- Volume 1 cover

今天的她也是如此可爱
- Genre: Comedy, Romance, Girls' love
- Author: Guo Si Te
- Other publishers Tokyopop (US);
- Original run: September 14 2019 – present
- Volumes: 3

= She Is Still Cute Today =

Manhua by Guo Si Te

She Is Still Cute Today (今天的她也是如此可爱), also known as My Darling is the Cutest, is a Chinese girls' love manhua written and illustrated by Guo Si Te. The manhua has been serialized online via Kuaikan Comics from September 14, 2019, and was later published into three paperback collections by Yangcheng Wanban Publishing House. The story follows the highest scoring academic student, Sadie Cang, and the lowest scoring student, Lex Qi, as they are brought together to dispel gossip surrounding Sadie's love life.

==Plot==
Sadie Cang, the top student in Class 1, is troubled by gossip that she is in a relationship with the school heartthrob Cui Xin, Unable to take rumors any longer, Sadie lies and claims she is interested in Lex Qi, the worst student in Class 7. While just meant as a casual excuse, she doesn't realize that Lex Qi was sitting behind her and heard everything.
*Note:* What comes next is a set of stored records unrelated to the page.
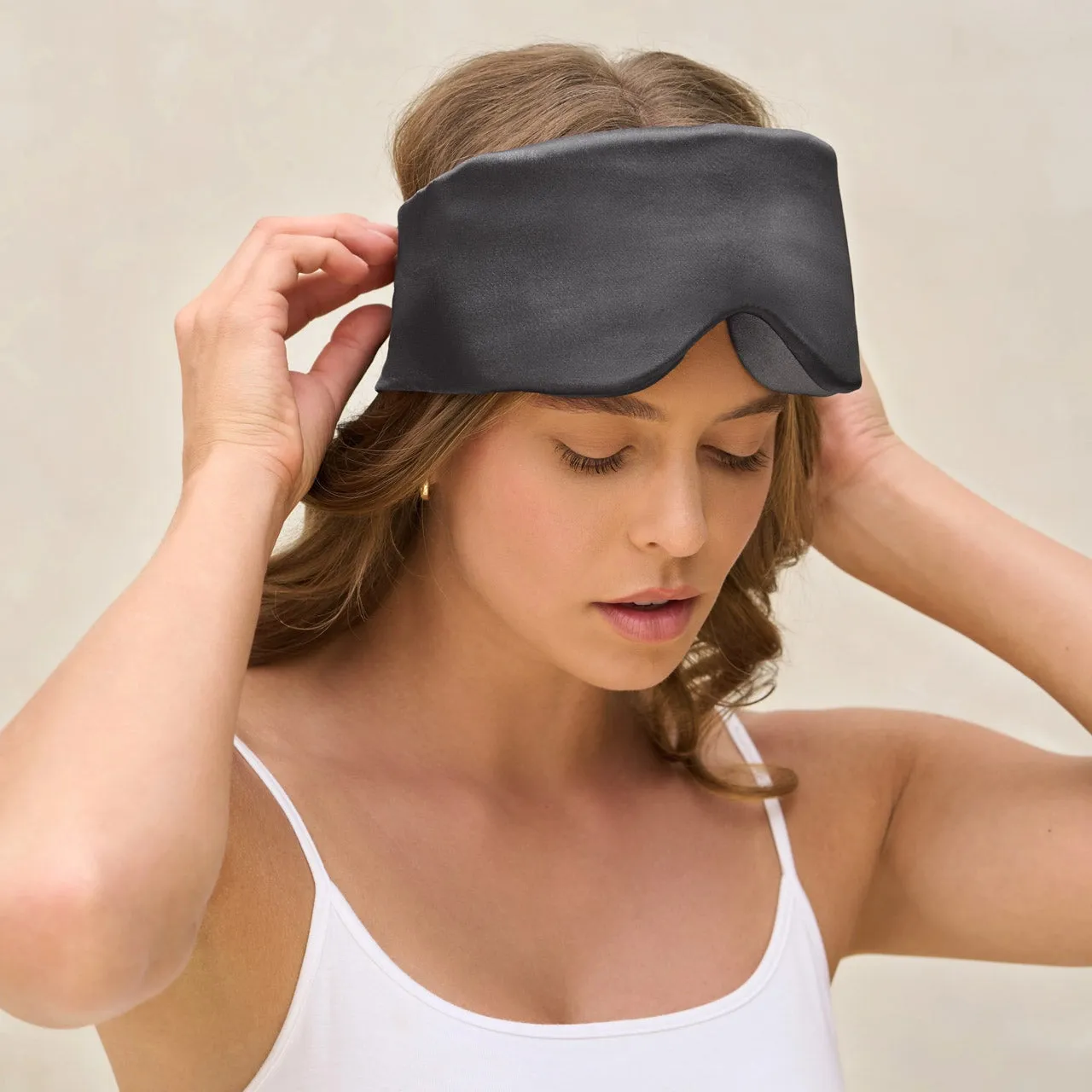 Charcoal Contour Pillow Eye Mask sold by Bella Chic product image thumbnail 2
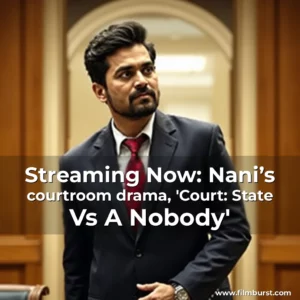 Artistic representation for Streaming Now: Nani’s courtroom drama, 'Court: State Vs A Nobody'
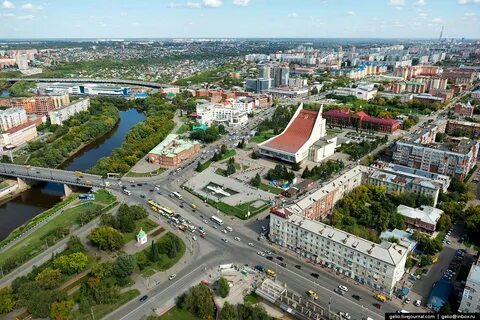 Омск с птичьего полета
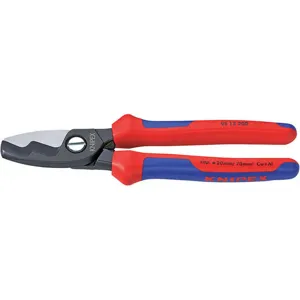 KNIPEX 95 12 200 Cable Shears Steel Multi-Component Grip | AH2ZLR 30WJ84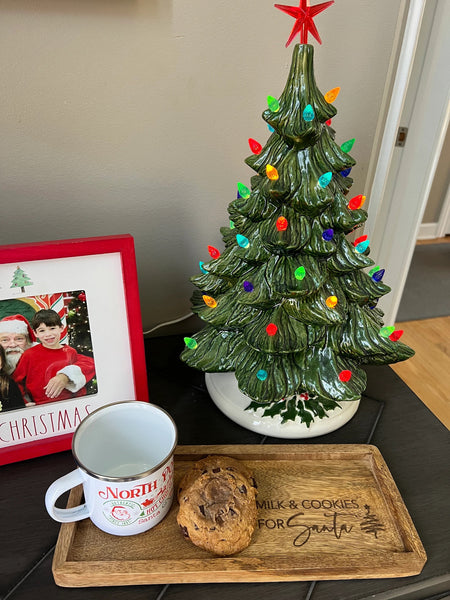 Milk and Cookies for Santa Tray and Santa Cup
The two girls, initially strangers, become best friends due to the misunderstanding, experiencing the chaotic daily life on campus together.

==Media==
===Manhua===
Written and illustrated by Guo Si Te, She Is Still Cute Today began serialization online via Kuaikan Comics on September 14, 2019. After the first season concluded the series went onto hiatus. The series has been collected into three print volumes by Yangcheng Wanban Publishing House as of October 1, 2023. In 2021 it was licensed by Tapas for a digital English release under the titles "My Darling is the Cutest", and in 2025 Tokyopop announced it would be publishing English print volumes in North America.

| No. | Original release date | Original ISBN | English release date | English ISBN |
|---|---|---|---|---|
| 1 | July 1, 2021 | 978-7554309285 | July 28, 2026 | 978-1427884763 |
| 2 | June 1, 2022 | 978-7554310168 | — | — |
| 3 | October 1, 2023 | 978-7554312438 | — | — |

===Drama===
A live-action television drama adaptation starring Sun Mei Lin and Zhu Lin Yu was announced on July 3, 2022. The show was produced by Motie Entertainment, Yiping Xiangshang, and Feiyu Xingji, and was released on the streaming platform Tencent Video on July 11, 2026.